[The data Boundary: Start]
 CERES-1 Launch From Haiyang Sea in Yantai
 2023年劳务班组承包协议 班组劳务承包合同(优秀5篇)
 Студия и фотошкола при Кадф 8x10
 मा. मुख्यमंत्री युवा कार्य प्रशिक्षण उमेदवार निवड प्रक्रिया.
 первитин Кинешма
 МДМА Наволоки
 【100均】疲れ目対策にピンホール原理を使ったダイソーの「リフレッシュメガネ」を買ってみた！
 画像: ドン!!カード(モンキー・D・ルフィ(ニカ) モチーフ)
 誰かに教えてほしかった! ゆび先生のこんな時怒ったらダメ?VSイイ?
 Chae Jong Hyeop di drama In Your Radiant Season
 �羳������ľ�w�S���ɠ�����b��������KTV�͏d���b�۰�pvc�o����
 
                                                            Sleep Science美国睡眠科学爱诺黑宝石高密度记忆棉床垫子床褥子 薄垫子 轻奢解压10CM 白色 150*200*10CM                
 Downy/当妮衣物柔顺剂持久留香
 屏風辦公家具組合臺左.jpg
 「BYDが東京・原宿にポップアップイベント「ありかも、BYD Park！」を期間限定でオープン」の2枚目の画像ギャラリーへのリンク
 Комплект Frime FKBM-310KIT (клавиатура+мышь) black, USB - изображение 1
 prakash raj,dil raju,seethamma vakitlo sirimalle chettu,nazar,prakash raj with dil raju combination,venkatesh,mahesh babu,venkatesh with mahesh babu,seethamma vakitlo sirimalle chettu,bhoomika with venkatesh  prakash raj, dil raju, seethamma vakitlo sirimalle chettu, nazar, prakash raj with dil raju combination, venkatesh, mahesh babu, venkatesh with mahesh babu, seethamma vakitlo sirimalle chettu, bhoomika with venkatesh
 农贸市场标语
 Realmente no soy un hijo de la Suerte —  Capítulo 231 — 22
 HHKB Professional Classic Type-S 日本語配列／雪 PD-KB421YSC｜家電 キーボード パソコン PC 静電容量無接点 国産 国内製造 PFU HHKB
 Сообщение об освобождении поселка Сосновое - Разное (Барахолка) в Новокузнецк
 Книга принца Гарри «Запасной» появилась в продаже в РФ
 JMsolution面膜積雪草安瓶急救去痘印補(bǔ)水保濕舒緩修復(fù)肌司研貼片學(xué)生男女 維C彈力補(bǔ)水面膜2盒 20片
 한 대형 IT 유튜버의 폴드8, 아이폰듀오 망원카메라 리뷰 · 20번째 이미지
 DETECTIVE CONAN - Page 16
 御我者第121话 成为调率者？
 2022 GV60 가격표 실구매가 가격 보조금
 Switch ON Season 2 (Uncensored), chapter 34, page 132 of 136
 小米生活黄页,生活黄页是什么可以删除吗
[The data Boundary: End]
§ **Exercise brief**
Where the records above contain a line with "2022 GV60 가격표 실구매가 가격 보조금", repeat that line and each later line through the end, exactly, and nothing more.

§ **Reply to the task**
 2022 GV60 가격표 실구매가 가격 보조금
 Switch ON Season 2 (Uncensored), chapter 34, page 132 of 136
 小米生活黄页,生活黄页是什么可以删除吗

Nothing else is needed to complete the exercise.